I didn’t understand what was going on because to me, on this side, no charges, no case. If he wanted to know how I felt as a mother, he could have asked me to come up and speak for myself.

Saunders

Mariani wasn’t happy. Three weeks later, during a “Gagnon II” hearing — a legal proceeding where it would be determined whether the detainer on Thomas should remain in place — he was combative with Thomas’s attorney, and rocked back and forth in his chair atop the judge’s bench.

“He keeps wanting to be a street guy. I’m surprised he wasn’t driving something with 22s on it,” Mariani said. “I’m tired of making ticky-tacky technical decisions and young men walking out the door and getting shot down in the street two months, three months later because they won’t quit.” 

Mariani told Thomas’s attorney that he wanted his client sent to state prison. He also berated Thomas as a habitual lawbreaker who needed to be incarcerated. “I have to put you in the cage, lasso you, corral you, stuff you, because you won’t quit,” he told Thomas. “I hold my breath for you, and your mother holds her breath for you.”

Thomas’s mother Juana Saunders was sitting in the back of the courtroom’s gallery. She was confused by the judge’s comments and upset that Mariani spoke for her and her family.

“I didn’t understand what was going on because to me, on this side, no charges, no case,” she said. “If he wanted to know how I felt as a mother, he could have asked me to come up and speak for myself.”

Mariani said he was going to postpone his decision on the detainer for at least another 30 days. In the meantime, Mariani said he was going to send Thomas back to the Allegheny County Jail. Saunders said her son looked defeated as officers ushered him out of the courtroom.

He was a good father. He worked, he wasn’t just riding in the streets.

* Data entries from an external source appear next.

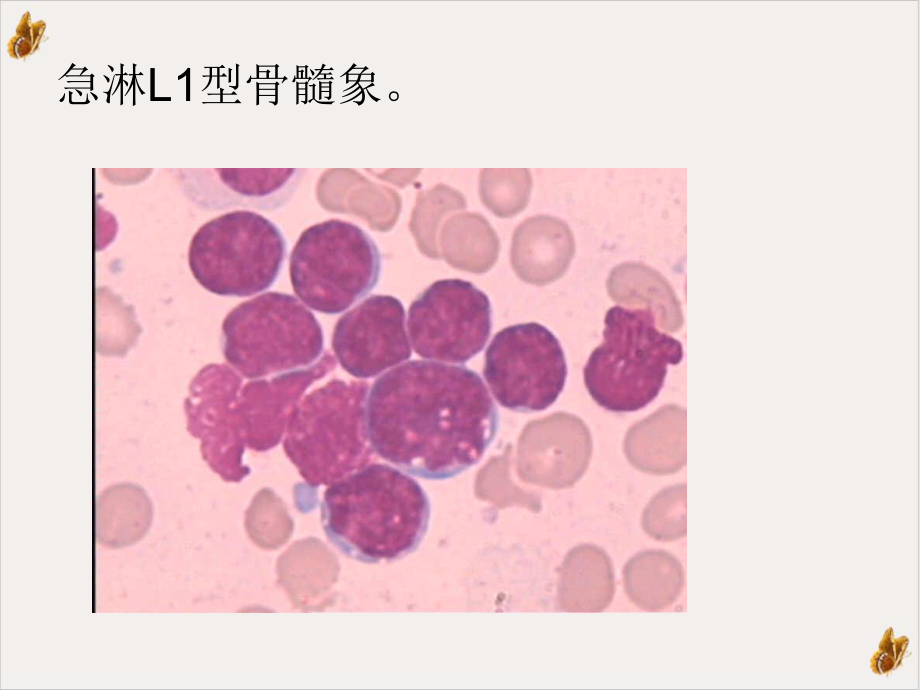 骨髓血液细胞学检查培训课件.pptx_第2页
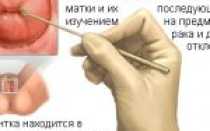 Смешанная флора в мазке – что это и о чем свидетельствует?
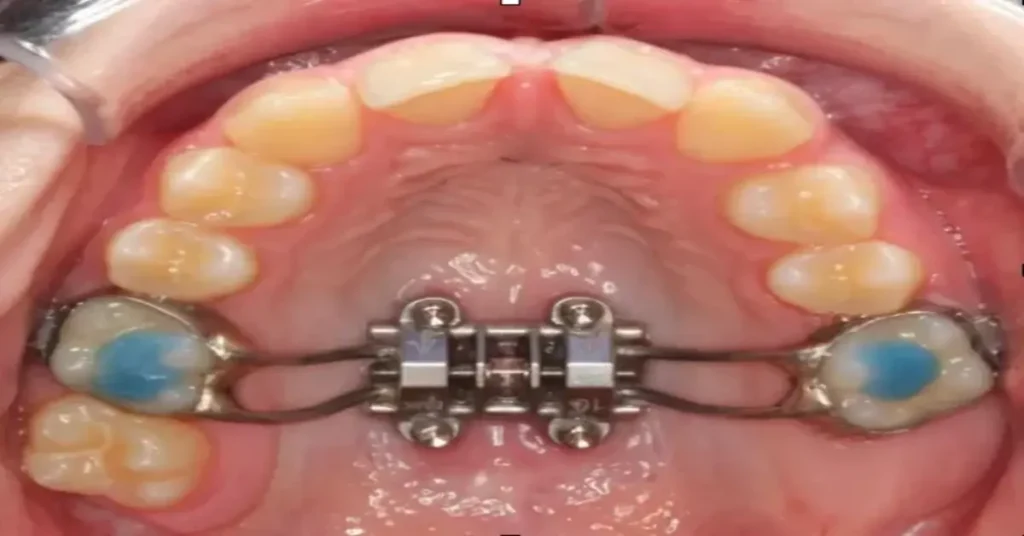 Orthodontic Expander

He had a newborn baby while he was in jail that he never got a chance to hold.

Juana Saunders says of her son Gerald Thomas, who died in jail last March.

“It brought me to tears,” she said. “And to see my son put his head down like that for the first time the way he did going back through them doors, that hurt the most.”

She never got the opportunity to see him again.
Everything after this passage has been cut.